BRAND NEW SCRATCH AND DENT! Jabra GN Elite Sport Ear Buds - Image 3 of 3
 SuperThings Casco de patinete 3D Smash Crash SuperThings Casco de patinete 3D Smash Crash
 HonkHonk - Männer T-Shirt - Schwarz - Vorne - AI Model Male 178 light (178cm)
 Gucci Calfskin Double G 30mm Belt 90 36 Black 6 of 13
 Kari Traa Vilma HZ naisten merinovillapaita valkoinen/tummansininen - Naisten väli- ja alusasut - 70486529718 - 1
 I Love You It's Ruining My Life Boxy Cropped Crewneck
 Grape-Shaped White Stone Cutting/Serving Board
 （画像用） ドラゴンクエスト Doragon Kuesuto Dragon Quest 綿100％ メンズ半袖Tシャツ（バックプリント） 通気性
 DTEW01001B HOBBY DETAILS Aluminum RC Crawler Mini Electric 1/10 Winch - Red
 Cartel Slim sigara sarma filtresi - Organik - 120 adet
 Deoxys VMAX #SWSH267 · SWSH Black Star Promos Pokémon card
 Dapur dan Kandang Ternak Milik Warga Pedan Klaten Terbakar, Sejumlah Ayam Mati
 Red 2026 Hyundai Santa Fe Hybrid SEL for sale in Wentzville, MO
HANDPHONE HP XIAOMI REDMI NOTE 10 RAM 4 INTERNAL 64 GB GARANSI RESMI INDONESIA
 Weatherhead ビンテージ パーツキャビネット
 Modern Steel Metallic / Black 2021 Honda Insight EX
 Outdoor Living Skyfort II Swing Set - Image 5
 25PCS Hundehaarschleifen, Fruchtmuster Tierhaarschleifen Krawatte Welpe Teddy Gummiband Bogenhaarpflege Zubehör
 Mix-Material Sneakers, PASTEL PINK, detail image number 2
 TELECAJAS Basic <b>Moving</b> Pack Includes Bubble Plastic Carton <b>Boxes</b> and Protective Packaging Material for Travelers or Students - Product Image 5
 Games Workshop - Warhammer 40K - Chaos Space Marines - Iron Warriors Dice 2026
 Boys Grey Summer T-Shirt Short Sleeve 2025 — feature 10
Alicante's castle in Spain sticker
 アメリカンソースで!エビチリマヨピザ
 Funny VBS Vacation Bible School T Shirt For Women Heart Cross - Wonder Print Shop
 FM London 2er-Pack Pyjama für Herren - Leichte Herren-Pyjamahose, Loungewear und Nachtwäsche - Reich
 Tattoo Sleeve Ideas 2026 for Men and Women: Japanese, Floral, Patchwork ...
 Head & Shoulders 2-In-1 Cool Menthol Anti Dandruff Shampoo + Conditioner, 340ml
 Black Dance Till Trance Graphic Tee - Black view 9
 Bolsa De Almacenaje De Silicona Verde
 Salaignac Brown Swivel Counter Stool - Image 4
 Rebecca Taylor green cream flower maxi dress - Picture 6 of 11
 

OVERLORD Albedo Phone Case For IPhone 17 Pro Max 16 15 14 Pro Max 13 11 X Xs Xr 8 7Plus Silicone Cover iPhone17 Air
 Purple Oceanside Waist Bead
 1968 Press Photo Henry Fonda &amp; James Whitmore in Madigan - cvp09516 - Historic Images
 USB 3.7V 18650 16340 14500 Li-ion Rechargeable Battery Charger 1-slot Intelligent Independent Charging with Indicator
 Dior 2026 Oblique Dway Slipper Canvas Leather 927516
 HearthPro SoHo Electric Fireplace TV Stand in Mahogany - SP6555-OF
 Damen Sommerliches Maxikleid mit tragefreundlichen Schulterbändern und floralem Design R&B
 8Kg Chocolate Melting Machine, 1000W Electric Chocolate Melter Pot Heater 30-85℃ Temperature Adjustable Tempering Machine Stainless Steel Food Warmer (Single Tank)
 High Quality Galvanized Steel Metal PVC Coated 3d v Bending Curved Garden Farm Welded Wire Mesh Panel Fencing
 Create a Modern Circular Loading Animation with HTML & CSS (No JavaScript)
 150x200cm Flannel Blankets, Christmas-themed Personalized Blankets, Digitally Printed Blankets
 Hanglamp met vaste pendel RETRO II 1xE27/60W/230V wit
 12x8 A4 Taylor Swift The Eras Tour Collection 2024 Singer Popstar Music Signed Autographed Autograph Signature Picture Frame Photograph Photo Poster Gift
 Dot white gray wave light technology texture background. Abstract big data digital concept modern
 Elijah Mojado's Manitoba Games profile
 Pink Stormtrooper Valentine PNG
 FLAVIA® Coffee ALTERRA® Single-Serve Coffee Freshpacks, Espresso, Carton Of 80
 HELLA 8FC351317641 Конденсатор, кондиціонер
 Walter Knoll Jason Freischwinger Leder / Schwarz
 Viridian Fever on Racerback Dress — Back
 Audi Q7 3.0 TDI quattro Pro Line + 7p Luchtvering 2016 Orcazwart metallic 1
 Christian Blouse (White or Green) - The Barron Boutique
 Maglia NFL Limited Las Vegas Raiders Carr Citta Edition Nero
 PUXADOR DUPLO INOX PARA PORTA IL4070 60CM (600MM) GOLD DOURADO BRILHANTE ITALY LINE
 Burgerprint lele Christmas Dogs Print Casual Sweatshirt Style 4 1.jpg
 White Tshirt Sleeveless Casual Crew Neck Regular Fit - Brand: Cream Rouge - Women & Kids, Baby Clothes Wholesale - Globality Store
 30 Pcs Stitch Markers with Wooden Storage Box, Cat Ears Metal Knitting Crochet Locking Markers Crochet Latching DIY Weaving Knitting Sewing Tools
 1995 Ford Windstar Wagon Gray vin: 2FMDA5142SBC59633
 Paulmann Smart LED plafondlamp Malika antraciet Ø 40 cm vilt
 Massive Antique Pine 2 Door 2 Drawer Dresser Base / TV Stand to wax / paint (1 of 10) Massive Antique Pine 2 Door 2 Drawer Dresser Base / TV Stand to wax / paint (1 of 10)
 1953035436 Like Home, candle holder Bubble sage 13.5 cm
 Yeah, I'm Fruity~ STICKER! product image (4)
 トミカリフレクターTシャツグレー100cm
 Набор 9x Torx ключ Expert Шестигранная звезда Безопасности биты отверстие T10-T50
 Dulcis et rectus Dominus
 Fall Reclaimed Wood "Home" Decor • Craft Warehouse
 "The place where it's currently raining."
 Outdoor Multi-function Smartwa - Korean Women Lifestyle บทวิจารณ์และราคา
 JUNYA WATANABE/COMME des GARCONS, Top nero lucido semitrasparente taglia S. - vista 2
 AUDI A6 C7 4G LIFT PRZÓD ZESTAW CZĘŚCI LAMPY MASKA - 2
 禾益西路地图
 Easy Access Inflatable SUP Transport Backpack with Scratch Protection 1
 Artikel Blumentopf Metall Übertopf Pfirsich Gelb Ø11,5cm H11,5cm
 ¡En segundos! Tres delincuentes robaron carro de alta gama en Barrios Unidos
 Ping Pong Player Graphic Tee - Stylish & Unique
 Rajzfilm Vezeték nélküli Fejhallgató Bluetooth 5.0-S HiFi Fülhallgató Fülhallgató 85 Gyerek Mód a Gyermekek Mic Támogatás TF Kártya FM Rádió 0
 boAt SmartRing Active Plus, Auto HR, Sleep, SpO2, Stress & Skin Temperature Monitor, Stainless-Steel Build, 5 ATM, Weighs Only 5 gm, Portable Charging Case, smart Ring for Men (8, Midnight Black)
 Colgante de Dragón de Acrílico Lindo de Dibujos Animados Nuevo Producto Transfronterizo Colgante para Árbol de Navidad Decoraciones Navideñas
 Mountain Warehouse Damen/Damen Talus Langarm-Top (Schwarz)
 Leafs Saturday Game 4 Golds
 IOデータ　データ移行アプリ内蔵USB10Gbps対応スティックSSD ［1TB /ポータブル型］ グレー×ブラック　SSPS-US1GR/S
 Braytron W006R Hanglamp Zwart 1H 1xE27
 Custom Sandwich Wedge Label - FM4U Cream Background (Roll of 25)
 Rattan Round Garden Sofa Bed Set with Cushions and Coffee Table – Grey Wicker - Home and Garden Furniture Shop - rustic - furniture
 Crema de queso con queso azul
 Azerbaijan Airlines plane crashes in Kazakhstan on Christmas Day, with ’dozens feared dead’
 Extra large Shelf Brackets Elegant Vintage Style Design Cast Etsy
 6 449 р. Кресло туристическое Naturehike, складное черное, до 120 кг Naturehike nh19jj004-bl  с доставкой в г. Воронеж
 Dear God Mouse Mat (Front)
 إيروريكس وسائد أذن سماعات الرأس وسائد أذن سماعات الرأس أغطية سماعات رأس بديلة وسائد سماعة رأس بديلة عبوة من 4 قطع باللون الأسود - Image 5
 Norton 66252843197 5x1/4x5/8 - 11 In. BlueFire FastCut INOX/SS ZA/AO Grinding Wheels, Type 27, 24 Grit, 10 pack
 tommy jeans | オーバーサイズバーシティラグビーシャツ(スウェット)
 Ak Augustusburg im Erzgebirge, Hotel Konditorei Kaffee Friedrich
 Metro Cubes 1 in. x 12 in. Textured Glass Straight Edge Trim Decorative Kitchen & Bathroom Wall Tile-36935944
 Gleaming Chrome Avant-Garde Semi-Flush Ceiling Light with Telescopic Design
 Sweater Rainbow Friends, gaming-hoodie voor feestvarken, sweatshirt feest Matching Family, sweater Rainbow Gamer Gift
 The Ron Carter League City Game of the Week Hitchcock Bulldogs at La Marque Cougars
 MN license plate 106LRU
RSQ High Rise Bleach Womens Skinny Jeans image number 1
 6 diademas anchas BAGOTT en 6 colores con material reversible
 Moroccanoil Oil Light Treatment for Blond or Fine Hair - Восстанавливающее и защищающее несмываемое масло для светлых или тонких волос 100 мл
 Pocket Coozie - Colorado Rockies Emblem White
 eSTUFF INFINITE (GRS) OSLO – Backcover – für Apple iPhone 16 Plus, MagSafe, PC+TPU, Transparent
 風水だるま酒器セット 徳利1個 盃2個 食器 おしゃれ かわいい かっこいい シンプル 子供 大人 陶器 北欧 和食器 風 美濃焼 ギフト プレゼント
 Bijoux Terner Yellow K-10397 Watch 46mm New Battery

....................

*Task objective*.
The required output is the stretch of entries above from the line containing "Mix-Material Sneakers, PASTEL" through the line containing "Damen Sommerliches Maxikleid", reproduced exactly.

*Written response*.
 Mix-Material Sneakers, PASTEL PINK, detail image number 2
 TELECAJAS Basic <b>Moving</b> Pack Includes Bubble Plastic Carton <b>Boxes</b> and Protective Packaging Material for Travelers or Students - Product Image 5
 Games Workshop - Warhammer 40K - Chaos Space Marines - Iron Warriors Dice 2026
 Boys Grey Summer T-Shirt Short Sleeve 2025 — feature 10
Alicante's castle in Spain sticker
 アメリカンソースで!エビチリマヨピザ
 Funny VBS Vacation Bible School T Shirt For Women Heart Cross - Wonder Print Shop
 FM London 2er-Pack Pyjama für Herren - Leichte Herren-Pyjamahose, Loungewear und Nachtwäsche - Reich
 Tattoo Sleeve Ideas 2026 for Men and Women: Japanese, Floral, Patchwork ...
 Head & Shoulders 2-In-1 Cool Menthol Anti Dandruff Shampoo + Conditioner, 340ml
 Black Dance Till Trance Graphic Tee - Black view 9
 Bolsa De Almacenaje De Silicona Verde
 Salaignac Brown Swivel Counter Stool - Image 4
 Rebecca Taylor green cream flower maxi dress - Picture 6 of 11
 

OVERLORD Albedo Phone Case For IPhone 17 Pro Max 16 15 14 Pro Max 13 11 X Xs Xr 8 7Plus Silicone Cover iPhone17 Air
 Purple Oceanside Waist Bead
 1968 Press Photo Henry Fonda &amp; James Whitmore in Madigan - cvp09516 - Historic Images
 USB 3.7V 18650 16340 14500 Li-ion Rechargeable Battery Charger 1-slot Intelligent Independent Charging with Indicator
 Dior 2026 Oblique Dway Slipper Canvas Leather 927516
 HearthPro SoHo Electric Fireplace TV Stand in Mahogany - SP6555-OF
 Damen Sommerliches Maxikleid mit tragefreundlichen Schulterbändern und floralem Design R&B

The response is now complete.